In this instance, Law Firm maintained detailed records of its representation of Client. The engagement letter clearly outlined the terms by which Law Firm would be paid. Additionally, Law Firm preserved its written communications and documents regarding Client’s consent to the settlement and the potential risks Client faced if it continued to refuse to finalize the settlement. This correspondence also provided evidence of the clear deterioration of the attorney-client relationship, which showed that Client began to believe that Law Firm was allegedly conspiring against her. Therefore, Law Firm was able to show that its withdrawal was proper under the circumstances. Armed with its records, Law Firm drafted a detailed response to Client’s new counsel refuting the allegations of malpractice. Upon receipt of Law Firm’s response, Client’s new counsel declined to further pursue Law Firm.
Analysis Scenario 3
Unlike scenarios 1 and 2, this scenario represents the clear benefit of maintaining a written record documenting the agreements between Law Firm and Client with regard to settlement and case strategy. Law Firm was able to disprove the allegations of malpractice early on and avoid a long and costly lawsuit initiated by Client.

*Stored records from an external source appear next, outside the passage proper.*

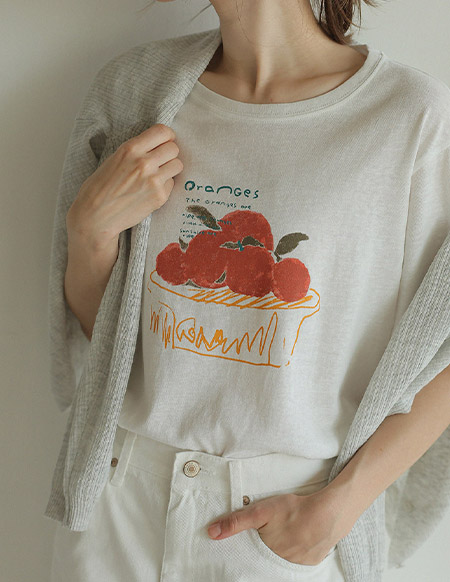 シクルオレンジの半袖Tシャツ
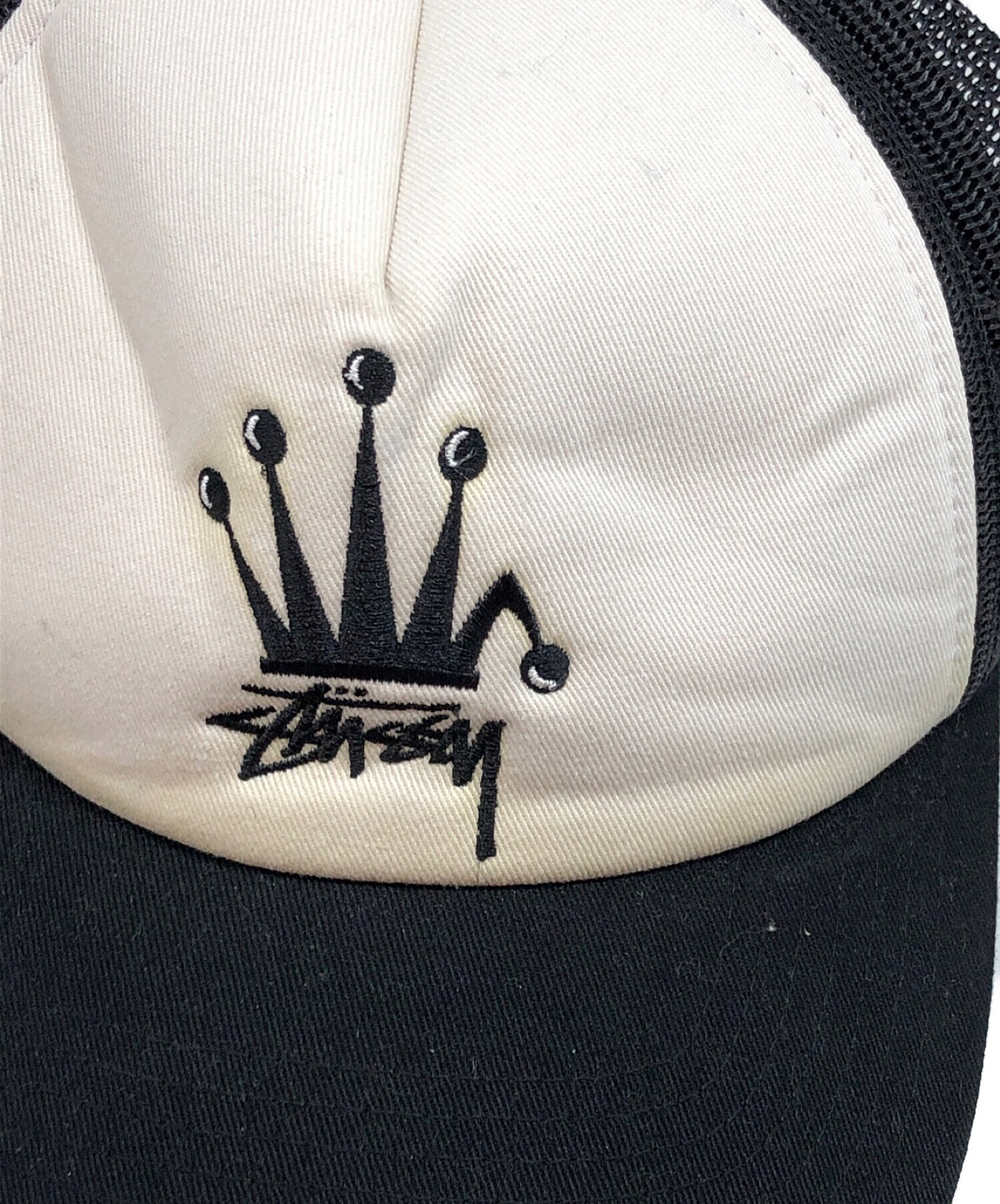 stussy (ステューシー) CROWN STOCK TRUCKER CAP/クラウン ストラック トルーカ― キャップ ホワイト×ブラック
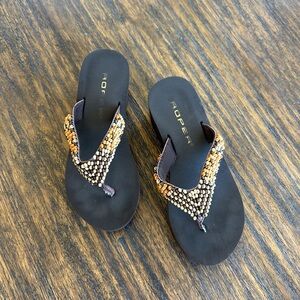 Roper VTG Y2K Brown Island Girl Tropical Orange Beaded Platform Sandals 5.5/6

Attorneys may believe that documenting oral communications or obtaining a client’s written consent throughout an engagement may be unnecessary for numerous reasons, such as the matter isn’t complicated, the attorney-client relationship is solid, or the attorney believes the objectives of the engagement are clear. Proceeding with the representation of a client based on oral communications can lead to major headaches and complications. Therefore, best practices dictate maintaining written records outlining the scope of the representation, the strategies or tactics to be employed, and the extent of an attorney’s authority granted by a client. This practice will serve not only to keep a client well informed regarding the status of the engagement but also to ensure the attorney can rely on written agreements to mitigate or quickly dispose of an alleged claim of legal malpractice, rather than relying on his or her word against that of the client.